I told them the symptoms but then left them to work - I graded papers in the other room and tried not to eavesdrop on what was said (it's like being at the dentist, and having him go "hmmmm" as he looks at a tooth: you expect it's something bad).

It turned out to be the least of the possible problems: oxidation buildup on the sparker. (That happened once before, several years ago). They cleaned it off with some emery paper and re-taped one duct that looked a bit leaky, and then tested the furnace and found it good. (And it's still good, at least as of this writing). I know in some of my DIY home-care books it says the homeowner can do the oxide removal themselves, but as it involves reaching into a furnace and disconnecting a part that is electrically connected, I'd rather pay the cost of a service call (they only charge the cost of a basic visit when it's something simple like that) than risk doing it myself.

I also got a recall notice on my (10 year old) car.
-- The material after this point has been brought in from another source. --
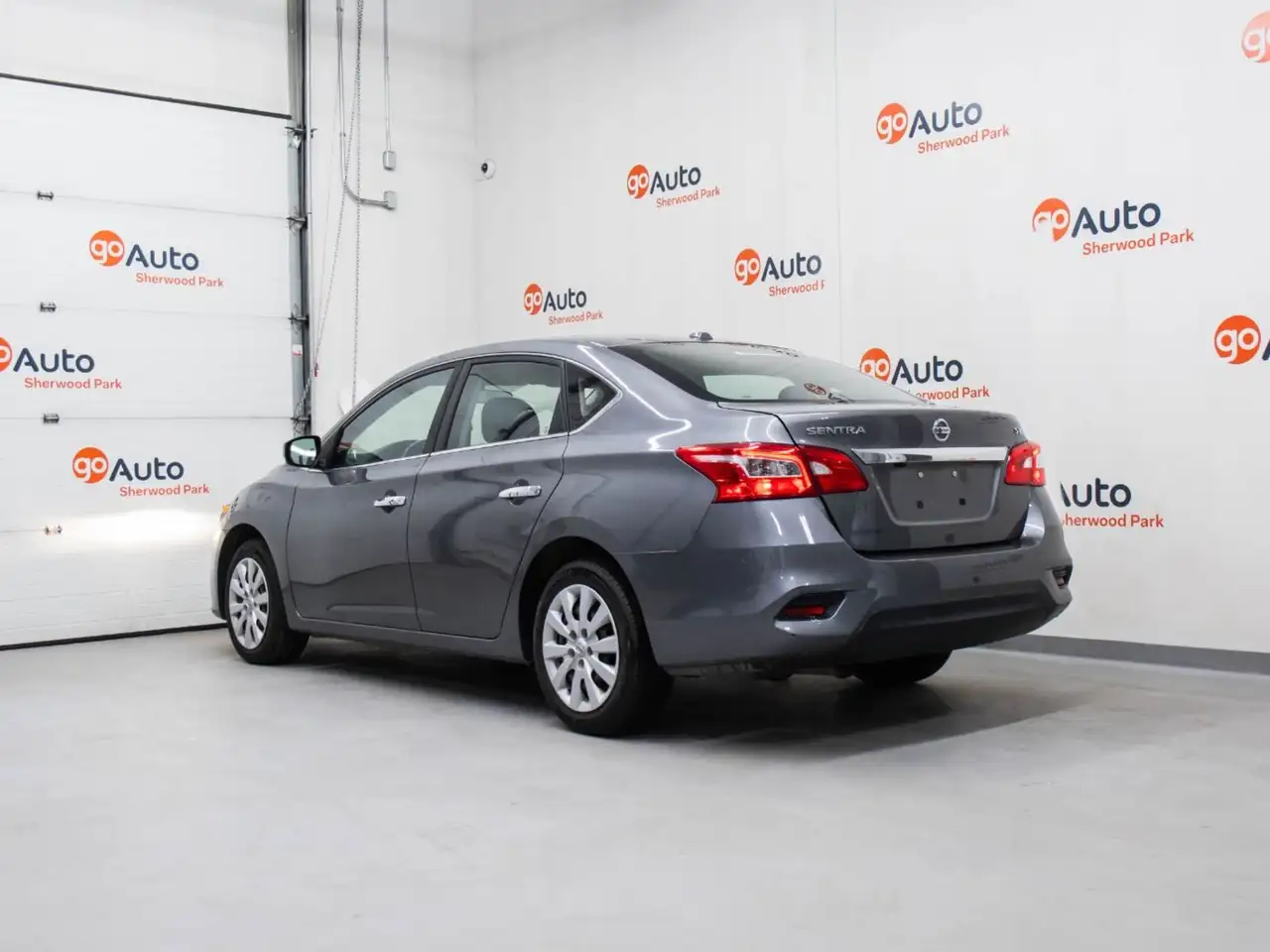 Nissan Sentra снимка Nissan Sentra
It is something to do with the "speed control deactivation switch" (which is apparently a risk even in cars without speed control, for some reason). Brake fluid, it says, can leak onto it and cause a fire.

It's a rather sternly worded thing; they tell you not to park your car near a house or in a garage until it's fixed. I figure that since I've been bouncing over back roads, and parking in tall dry grass, and all of that, for years, I'm probably fairly safe. (But I am still going to try to get out this afternoon to get the fix done, if I can make time).

Incidentally, my parents got the same recall notice - they had the same model car, a few years older than mine. But they don't have it any more - they turned it in for Cash for Clunkers and I presume it's already been melted down. (I'm not sure what their receiving the notice says about either Ford's or the Cash-for-Clunkers record-keeping system).